Your answer must be an exact copy of the lines below, from the first through the one with "Le général de", with no pictures.

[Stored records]
▽

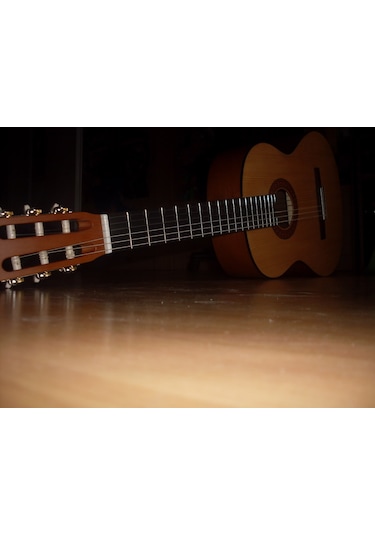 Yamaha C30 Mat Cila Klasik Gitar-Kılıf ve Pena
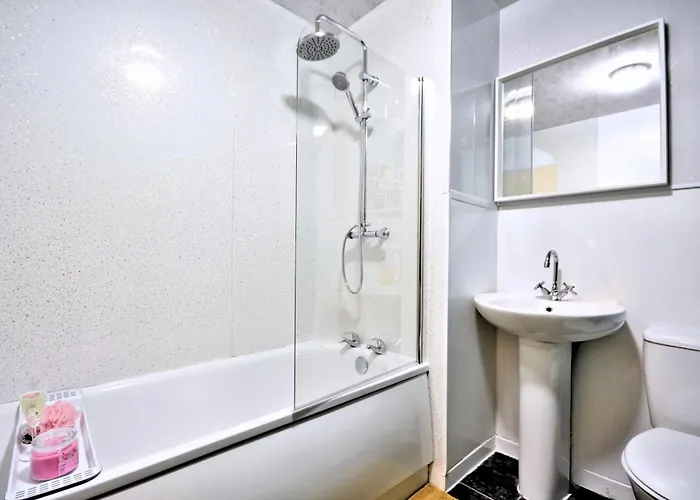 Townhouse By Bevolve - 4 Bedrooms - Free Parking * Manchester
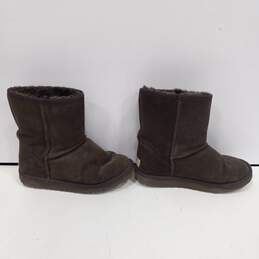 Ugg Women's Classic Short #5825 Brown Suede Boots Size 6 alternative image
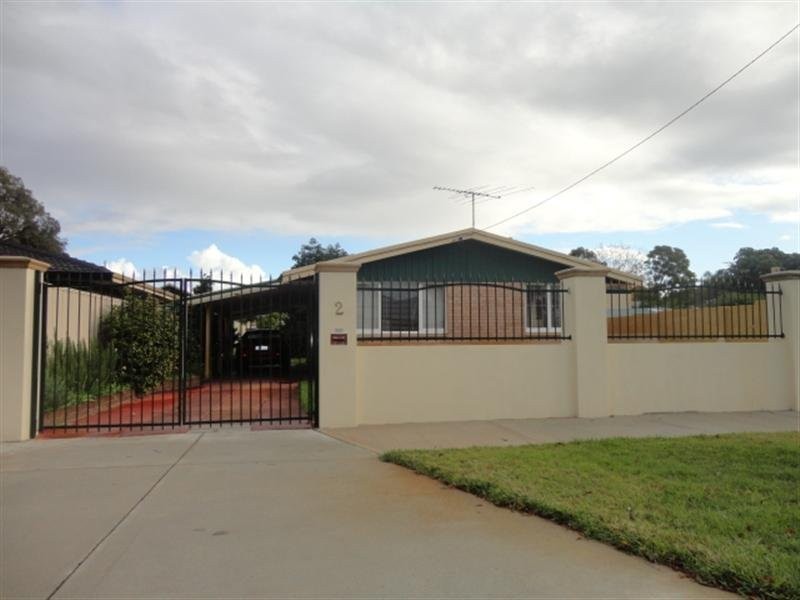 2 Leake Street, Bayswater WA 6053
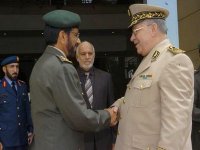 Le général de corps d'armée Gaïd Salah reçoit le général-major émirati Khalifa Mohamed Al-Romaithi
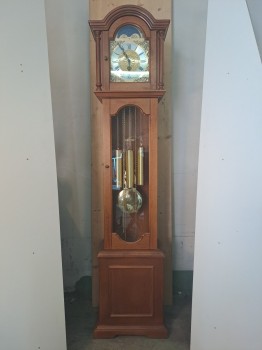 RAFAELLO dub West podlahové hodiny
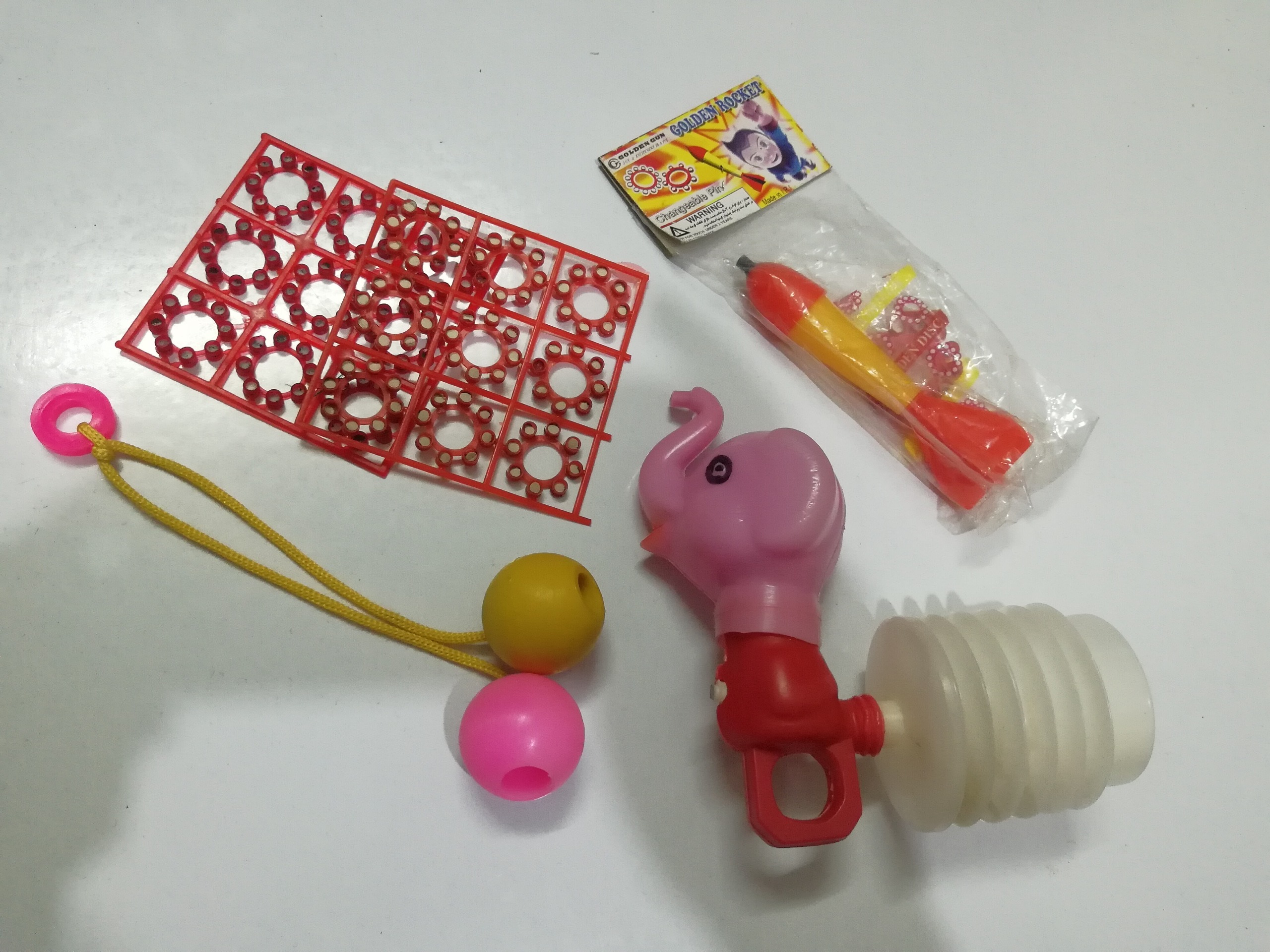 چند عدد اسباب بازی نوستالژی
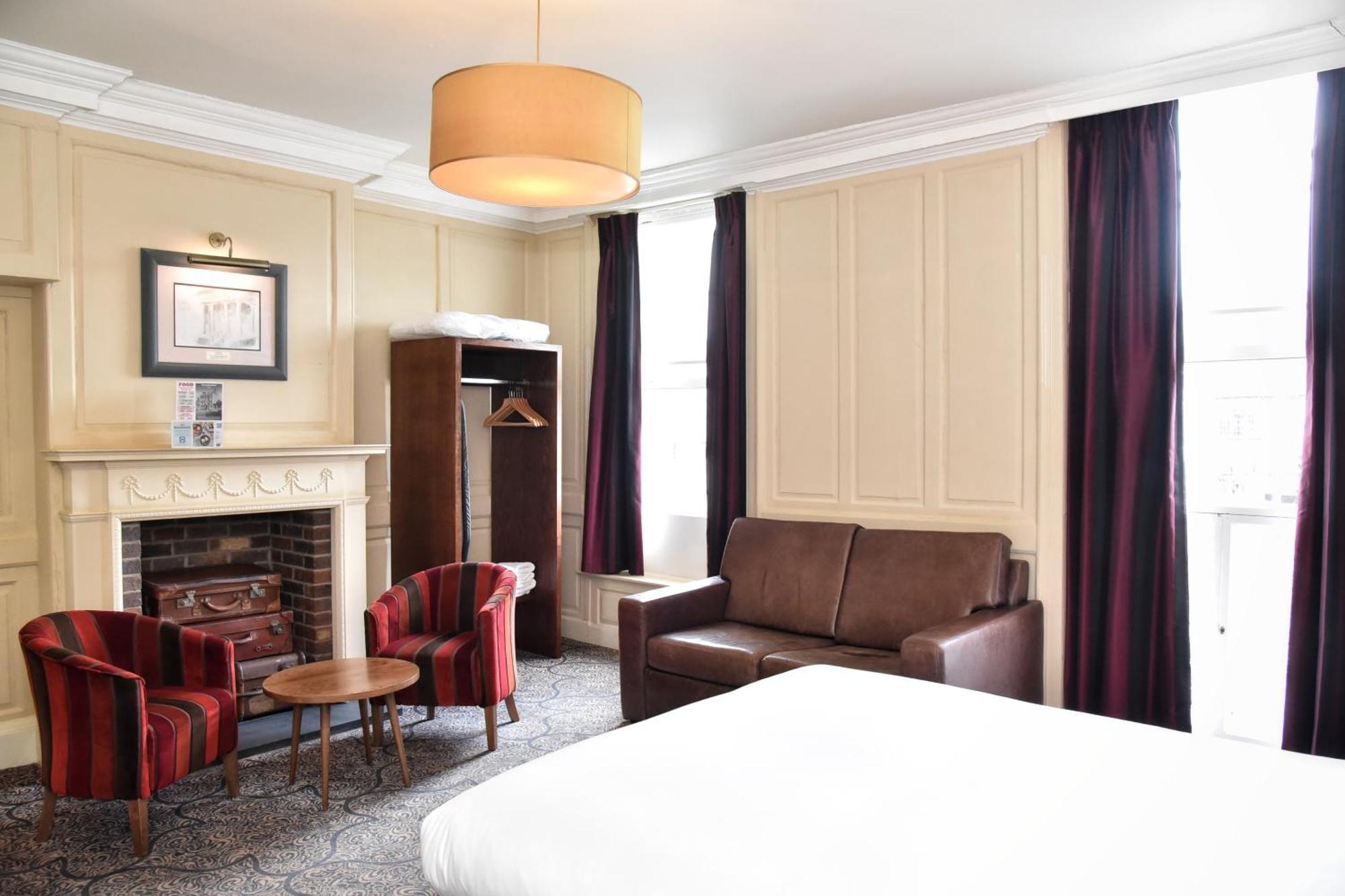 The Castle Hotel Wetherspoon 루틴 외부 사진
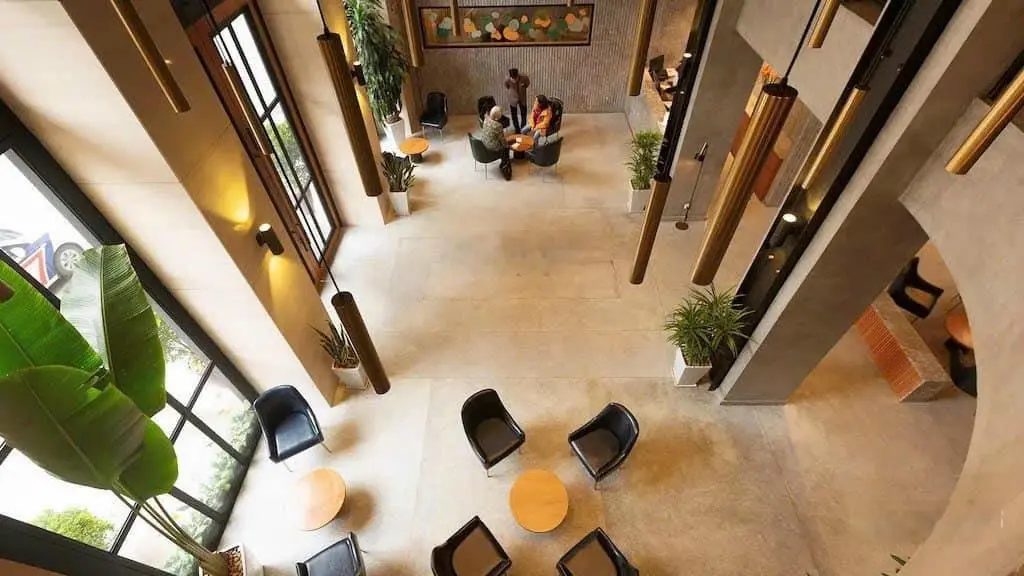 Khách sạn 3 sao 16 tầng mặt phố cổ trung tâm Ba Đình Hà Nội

△

• [Task answer]
 Yamaha C30 Mat Cila Klasik Gitar-Kılıf ve Pena
 Townhouse By Bevolve - 4 Bedrooms - Free Parking * Manchester
 Ugg Women's Classic Short #5825 Brown Suede Boots Size 6 alternative image
 2 Leake Street, Bayswater WA 6053
 Le général de corps d'armée Gaïd Salah reçoit le général-major émirati Khalifa Mohamed Al-Romaithi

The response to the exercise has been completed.